3 Top Data Removal and Destruction Companies
Physically destroying your devices by taking a hammer to it is good enough for most people but does not guarantee your data cannot be recovered. Below are some links to professionals in the industry who can destroy your data in a secure and compliant way. They all recycle destroyed items and are certified by the National Association for Information Destruction (NAID).
- Iron Mountain — Services include off-site and on-site shredding (for businesses and individuals, when you want to witness the destruction of your data)
- Securis — Cost-effective solution for individuals; it costs just $10 to grind a hard drive while you watch
- Guardian Data destruction — Billing itself the largest mobile destruction fleet in the U.S., Guardian offers nationwide document and device destruction services as well as a budget-friendly degaussing service
The importance of properly destroying your documents or electronic devices is something of which people are sometimes unaware.
- Buying a new device and selling the old one to a friend? — Wipe or overwrite your device
- Giving John Jr. your old machine? — Reformat it
- Throwing out an old and obsolete machine? — Take a hammer to it
- Doing a spring clean of hoarded documents and files? — Have a bonfire for the paper documents and securely overwrite the electronic files using a free tool
- No more space on a drawer-full of old removable media used mainly to share movies? — Degauss them
You can also turn drudgery into money. Instead of washing your car, pay the kids to destroy your data. Bonfires are fun, and so is using pulped paper for papier-mâché projects. For the older ones, you may just give them an interest in cybersecurity: ethical hacking is an extremely well-paid and challenging career.

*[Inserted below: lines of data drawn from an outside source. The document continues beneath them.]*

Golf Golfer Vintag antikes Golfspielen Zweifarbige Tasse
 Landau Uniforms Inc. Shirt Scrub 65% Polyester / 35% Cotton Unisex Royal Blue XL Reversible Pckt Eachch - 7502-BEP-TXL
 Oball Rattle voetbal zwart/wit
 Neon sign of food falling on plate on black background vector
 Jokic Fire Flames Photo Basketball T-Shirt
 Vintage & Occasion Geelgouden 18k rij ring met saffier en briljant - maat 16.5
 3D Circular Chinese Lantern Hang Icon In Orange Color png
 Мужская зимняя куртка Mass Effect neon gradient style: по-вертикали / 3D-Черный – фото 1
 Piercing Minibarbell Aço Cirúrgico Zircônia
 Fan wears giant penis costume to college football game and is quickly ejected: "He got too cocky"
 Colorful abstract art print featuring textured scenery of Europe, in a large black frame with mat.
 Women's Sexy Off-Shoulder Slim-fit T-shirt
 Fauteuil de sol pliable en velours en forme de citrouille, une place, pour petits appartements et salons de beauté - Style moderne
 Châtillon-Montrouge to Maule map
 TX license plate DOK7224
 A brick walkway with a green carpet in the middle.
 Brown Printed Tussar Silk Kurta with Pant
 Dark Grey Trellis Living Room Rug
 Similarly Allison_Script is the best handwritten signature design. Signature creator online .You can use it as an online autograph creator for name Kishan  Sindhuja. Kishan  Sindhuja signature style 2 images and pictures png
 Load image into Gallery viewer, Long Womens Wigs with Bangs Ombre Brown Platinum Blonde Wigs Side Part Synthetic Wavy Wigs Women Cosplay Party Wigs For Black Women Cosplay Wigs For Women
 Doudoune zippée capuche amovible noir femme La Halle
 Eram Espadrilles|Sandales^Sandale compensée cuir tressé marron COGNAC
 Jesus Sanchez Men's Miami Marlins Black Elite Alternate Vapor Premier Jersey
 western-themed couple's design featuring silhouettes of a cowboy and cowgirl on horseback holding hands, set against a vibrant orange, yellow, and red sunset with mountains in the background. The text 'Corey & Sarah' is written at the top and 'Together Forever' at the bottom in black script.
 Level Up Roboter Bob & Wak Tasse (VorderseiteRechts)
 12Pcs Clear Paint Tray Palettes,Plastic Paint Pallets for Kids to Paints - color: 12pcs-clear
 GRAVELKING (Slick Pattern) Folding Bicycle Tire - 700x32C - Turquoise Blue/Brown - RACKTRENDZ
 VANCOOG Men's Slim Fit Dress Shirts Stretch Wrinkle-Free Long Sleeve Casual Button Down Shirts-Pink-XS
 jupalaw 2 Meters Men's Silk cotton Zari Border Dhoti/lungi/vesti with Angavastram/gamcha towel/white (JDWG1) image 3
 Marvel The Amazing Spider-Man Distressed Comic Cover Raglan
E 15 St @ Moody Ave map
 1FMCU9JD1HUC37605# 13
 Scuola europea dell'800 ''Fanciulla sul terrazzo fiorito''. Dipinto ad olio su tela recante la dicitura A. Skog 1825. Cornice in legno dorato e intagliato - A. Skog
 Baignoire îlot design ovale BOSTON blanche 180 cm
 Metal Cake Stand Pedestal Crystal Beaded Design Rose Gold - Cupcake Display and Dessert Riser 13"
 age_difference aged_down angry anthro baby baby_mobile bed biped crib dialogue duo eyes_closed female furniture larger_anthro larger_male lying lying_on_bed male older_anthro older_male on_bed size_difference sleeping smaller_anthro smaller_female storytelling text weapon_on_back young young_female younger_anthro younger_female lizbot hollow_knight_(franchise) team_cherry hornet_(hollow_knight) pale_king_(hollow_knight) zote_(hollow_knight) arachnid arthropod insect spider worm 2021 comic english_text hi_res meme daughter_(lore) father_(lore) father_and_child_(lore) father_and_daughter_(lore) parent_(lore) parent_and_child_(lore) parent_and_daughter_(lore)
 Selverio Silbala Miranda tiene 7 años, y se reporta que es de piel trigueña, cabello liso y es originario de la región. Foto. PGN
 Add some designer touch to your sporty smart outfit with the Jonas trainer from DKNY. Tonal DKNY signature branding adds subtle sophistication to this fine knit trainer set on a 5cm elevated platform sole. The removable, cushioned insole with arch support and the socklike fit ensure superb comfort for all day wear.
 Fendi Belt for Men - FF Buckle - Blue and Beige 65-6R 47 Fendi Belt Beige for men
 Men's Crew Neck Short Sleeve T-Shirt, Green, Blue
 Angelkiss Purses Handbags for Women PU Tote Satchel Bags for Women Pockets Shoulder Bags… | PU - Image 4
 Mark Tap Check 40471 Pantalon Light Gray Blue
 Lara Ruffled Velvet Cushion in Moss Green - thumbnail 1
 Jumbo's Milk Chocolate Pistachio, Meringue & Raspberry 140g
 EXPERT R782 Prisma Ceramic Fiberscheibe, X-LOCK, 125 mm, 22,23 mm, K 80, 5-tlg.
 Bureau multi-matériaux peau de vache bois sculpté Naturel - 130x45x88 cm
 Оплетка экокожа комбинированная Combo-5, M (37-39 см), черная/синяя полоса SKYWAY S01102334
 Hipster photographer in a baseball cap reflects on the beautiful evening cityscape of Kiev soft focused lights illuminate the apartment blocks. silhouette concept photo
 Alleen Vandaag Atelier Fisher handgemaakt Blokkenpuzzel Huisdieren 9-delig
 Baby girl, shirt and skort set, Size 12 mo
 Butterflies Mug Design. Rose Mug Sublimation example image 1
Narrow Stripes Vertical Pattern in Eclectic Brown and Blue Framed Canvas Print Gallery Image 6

- Identity theft: Your trash, their treasure, Today
- Before you sell your computer, smash the hard drive, says Which?, The Guardian
- Resold hard drives still ripe with leftover data, CSO
- 3 Ways to Permanently and Securely Delete ‘Files and Directories’ in Linux, TecMint
- What Is FileVault On Your Mac & Why Would You Want To Use It?, GPost
- National Association for Information Destruction (NAID)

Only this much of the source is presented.